An application component is the smallest unit of deployable, portable compute within the wasmCloud ecosystem. Application components can handle messages delivered to them by the host runtime and can invoke functions on capability providers.

wasmCloud application components are:

Stateless​

When an application component needs state, it uses a capability provider. Leaving state to capability providers enables wasmCloud to orchestrate invocations in complex applications without regard to specific instances of application components or where they're running.

Secure​

Application components are secure by default. Because WebAssembly components that can't use WASI capabilities directly, they are incapable of interacting with any operating system functionality on their own. The only way application components can affect their external environment is through the use of a capability provider. The host runtime will only allow calls between linked components and providers.

Flat in hierarchy​

In a zero trust environment, allowing application components to spawn others is a security risk. wasmCloud hosts maintain the horizontal scale of application components with an entirely flat hierarchy.

Internally single-threaded​

The surrounding environment of the host runtime may have varying levels of concurrency support. This support may differ depending on whether the host is running in a browser, on a constrained device, or in a VM somewhere. However, the code for application components should be independent of these conditions and never have to change, even if the surrounding environment adopts a different concurrency model.

Note

While it's nice not worrying about the underlying concurrency model, it's important to understand that single-threaded code has the potential to create bottlenecks. Therefore, when developing message handlers for actor components, embrace the design of performing small amounts of work in a "get in and get out fast" approach. Divide the work into the smallest bits possible, and perform each bit as fast as possible. This approach maximizes the benefits of external concurrency while still keeping the code simple and synchronous.

Reactive​

Reactive: An application component can't start any flow on its own. Components can only react to outside stimuli in the form of messages delivered by the host. Developers declare which messages their actor components handle as input and return messages as output. The following example implements a handler that receives a bank account query and responds with the bank account value:

rust
#[async_trait]
impl BankServer for BankComponent {
    async fn handle_inquiry(&self,
        ctx: &Context,
        query: &BalanceInquiry) -> RpcResult<Balance> {

        // queried using another capability provider
        let balance = get_balance()?;
        Ok(Balance{
            account: query.account,
            balance
        })
    }
}

The preceding component code could communicate with capability providers (for example, a key-value store to retrieve the account balance), but only in response to a message from the host.
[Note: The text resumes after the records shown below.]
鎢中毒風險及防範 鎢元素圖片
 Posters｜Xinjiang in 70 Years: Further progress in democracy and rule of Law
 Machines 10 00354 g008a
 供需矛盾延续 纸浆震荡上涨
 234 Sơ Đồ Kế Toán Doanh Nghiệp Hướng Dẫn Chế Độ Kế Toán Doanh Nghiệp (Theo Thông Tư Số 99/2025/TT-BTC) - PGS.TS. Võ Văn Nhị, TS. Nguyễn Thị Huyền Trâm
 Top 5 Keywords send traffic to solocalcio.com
Connected by abstractions​

wasmCloud application components are loosely coupled with the capability providers they use for non-functional requirements. A component doesn't communicate with Redis or Cassandra or Consul; instead it communicates with a generalized abstraction over key-value stores.

A contract or interface represents each of these abstractions. As long as the capability provider implements the correct interface contract, it's considered compatible with your component. A component written using the key-value store abstraction should be able to work with any key-value store. This decoupling also enables swapping the store at runtime without requiring a rebuild or redeploy!

There are a number of first-party interfaces in the wasmCloud GitHub organization. Additionally, the community can build their own public capability providers, and enterprises are free to build their own internal, proprietary capability providers that expose private enterprise or corporate functionality.